In the given scenario, many households could be looking for unique and innovative ways to save up even a single penny. Here are some helpful and unusual ways that individuals can use to ease the burden of daily costs:

  • Rent rooms on Airbnb: Those with an additional room can put it up to some good use, especially as travel and tourism have taken off over the recent months. For instance, individuals can use Airbnb to put up their own house as an accommodation for those travelling the area. For travellers, it is a cheaper and more homely option than staying in hotels. In fact, the ongoing trend of taking work vacations could encourage many individuals to stay in serene locations for weeks. A cheaper and home-like stay could be perfect for these individuals.

Households would have to develop a strong savings buffer.
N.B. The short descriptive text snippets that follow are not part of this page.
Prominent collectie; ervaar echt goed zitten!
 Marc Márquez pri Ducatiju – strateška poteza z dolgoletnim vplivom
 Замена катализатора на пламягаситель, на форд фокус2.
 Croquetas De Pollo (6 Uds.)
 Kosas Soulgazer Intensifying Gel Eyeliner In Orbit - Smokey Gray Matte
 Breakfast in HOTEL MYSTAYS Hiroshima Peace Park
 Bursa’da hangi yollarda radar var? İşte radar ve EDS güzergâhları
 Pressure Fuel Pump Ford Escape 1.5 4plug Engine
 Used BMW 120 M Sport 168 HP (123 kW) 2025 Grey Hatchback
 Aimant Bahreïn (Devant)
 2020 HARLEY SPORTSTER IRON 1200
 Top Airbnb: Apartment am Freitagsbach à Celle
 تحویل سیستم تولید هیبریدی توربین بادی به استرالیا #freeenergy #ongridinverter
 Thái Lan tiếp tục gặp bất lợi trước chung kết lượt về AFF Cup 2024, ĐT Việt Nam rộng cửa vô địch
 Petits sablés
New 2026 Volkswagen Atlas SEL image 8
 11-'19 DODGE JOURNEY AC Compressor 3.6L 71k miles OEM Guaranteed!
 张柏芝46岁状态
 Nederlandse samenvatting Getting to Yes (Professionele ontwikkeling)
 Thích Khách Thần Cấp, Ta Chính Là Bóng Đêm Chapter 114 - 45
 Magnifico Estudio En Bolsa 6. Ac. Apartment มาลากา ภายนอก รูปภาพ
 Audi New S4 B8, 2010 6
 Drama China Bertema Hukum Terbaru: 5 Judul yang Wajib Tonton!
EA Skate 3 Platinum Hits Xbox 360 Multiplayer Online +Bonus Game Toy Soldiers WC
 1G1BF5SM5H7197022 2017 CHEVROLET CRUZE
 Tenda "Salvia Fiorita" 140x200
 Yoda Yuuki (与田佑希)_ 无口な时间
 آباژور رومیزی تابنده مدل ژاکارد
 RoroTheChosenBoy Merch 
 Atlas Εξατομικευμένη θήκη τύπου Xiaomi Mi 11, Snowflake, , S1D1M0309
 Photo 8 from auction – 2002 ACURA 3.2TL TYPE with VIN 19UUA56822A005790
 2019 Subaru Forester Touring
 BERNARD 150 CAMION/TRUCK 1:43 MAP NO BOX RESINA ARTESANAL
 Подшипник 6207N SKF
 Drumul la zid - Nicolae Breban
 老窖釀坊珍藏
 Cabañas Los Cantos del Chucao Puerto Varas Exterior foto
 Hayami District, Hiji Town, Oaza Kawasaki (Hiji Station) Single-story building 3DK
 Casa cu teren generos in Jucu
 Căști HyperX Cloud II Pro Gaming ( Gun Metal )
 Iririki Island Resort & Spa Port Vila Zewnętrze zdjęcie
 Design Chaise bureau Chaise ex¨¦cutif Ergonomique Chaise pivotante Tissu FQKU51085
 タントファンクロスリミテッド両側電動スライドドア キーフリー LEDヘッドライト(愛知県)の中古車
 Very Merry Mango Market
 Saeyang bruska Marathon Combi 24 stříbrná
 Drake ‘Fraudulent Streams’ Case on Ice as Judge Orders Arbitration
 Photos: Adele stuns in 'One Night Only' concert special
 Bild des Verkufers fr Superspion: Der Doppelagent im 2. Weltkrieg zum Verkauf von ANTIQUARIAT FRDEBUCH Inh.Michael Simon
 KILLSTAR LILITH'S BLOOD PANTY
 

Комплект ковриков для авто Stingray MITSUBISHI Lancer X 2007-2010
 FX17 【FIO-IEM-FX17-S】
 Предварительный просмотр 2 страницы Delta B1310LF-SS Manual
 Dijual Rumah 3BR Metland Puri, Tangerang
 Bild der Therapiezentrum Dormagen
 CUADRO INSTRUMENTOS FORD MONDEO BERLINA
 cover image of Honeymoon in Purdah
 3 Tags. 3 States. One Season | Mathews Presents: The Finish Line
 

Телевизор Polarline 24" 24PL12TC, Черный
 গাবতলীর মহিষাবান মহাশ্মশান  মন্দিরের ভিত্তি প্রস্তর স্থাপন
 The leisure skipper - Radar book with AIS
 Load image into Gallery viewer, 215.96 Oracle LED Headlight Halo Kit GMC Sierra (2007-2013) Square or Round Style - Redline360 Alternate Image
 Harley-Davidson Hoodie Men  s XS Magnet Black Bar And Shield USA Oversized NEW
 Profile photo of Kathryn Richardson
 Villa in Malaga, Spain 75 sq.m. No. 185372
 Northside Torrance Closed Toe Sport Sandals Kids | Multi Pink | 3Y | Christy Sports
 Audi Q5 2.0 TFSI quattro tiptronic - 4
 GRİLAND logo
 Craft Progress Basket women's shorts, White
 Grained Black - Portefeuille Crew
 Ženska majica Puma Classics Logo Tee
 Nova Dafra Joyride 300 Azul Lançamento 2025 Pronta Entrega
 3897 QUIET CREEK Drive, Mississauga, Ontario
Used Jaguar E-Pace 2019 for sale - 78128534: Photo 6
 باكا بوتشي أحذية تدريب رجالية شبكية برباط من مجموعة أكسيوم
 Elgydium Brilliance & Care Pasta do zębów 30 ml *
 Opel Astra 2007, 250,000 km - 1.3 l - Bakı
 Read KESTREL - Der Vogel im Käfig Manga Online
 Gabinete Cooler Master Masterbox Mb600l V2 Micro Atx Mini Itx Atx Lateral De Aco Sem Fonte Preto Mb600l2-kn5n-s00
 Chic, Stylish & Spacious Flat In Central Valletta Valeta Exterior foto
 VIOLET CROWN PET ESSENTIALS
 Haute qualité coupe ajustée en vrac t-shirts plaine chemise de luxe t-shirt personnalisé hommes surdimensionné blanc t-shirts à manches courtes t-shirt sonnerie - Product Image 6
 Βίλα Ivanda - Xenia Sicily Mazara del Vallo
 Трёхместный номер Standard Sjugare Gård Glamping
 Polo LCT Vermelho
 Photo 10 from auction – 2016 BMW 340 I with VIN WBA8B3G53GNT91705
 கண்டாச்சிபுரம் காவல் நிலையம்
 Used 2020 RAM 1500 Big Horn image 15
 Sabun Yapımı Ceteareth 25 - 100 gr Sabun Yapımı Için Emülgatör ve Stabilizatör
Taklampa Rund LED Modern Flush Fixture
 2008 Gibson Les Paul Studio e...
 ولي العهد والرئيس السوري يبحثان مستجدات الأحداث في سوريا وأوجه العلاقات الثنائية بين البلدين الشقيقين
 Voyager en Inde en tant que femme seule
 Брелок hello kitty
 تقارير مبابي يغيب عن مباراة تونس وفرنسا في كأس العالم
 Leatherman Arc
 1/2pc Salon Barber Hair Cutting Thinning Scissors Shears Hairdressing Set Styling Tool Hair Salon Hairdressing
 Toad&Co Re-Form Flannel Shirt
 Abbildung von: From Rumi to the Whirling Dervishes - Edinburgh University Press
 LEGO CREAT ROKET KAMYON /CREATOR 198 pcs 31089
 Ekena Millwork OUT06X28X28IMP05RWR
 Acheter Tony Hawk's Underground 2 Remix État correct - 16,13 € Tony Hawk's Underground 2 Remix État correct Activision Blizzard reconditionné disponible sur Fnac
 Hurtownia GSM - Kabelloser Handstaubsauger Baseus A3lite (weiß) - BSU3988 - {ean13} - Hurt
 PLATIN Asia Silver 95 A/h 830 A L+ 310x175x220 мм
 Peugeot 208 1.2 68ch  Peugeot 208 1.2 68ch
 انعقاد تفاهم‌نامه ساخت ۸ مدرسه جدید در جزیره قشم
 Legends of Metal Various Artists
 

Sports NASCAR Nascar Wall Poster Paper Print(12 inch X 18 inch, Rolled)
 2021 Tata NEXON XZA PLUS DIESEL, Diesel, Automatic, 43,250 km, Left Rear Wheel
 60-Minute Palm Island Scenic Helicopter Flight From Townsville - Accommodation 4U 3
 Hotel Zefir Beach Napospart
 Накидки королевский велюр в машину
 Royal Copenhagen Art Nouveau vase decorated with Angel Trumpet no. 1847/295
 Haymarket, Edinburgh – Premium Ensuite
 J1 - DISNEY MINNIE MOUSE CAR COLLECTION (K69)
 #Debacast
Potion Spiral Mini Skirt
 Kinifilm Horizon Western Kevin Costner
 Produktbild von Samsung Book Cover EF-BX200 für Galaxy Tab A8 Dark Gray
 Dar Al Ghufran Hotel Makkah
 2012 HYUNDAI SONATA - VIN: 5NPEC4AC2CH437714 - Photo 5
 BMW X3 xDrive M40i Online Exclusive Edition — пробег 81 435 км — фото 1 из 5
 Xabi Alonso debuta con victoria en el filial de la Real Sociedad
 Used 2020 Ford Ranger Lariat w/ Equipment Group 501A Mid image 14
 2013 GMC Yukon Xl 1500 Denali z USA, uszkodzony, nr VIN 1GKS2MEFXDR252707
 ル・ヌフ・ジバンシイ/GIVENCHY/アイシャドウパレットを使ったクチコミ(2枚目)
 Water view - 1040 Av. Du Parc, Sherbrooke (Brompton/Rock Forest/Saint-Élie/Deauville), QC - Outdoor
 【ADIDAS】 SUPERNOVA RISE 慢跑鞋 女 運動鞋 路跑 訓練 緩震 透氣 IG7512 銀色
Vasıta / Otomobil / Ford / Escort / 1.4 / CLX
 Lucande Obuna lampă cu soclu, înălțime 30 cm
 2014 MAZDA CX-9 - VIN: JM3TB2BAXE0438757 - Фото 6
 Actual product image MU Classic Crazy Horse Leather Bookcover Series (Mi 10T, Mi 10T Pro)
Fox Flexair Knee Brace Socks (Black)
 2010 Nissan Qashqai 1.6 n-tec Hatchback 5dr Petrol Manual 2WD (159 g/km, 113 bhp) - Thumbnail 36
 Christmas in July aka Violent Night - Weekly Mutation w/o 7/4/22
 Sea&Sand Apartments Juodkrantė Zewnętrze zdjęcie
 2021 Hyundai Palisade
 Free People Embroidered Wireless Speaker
  • Sell unused clothes: Apart from being an environmentally friendly solution, thrifting is a great way to make some easy money. Individuals can choose outfits from their own wardrobe that they no longer feel the need to keep and sell at a reasonable price on social media platforms. A key to gaining followers on these platforms is using the right hashtags.
  • Taking tax refund in every pay: Most individuals wait until the end of the year to get their tax refund. This means that a potential interest on this rebate money is lost as it is kept with the taxation office throughout the year. Individuals can fill out a withholding variation form on the ATO website to take advantage of deductions regularly instead of a lump sum at the end of the fiscal year.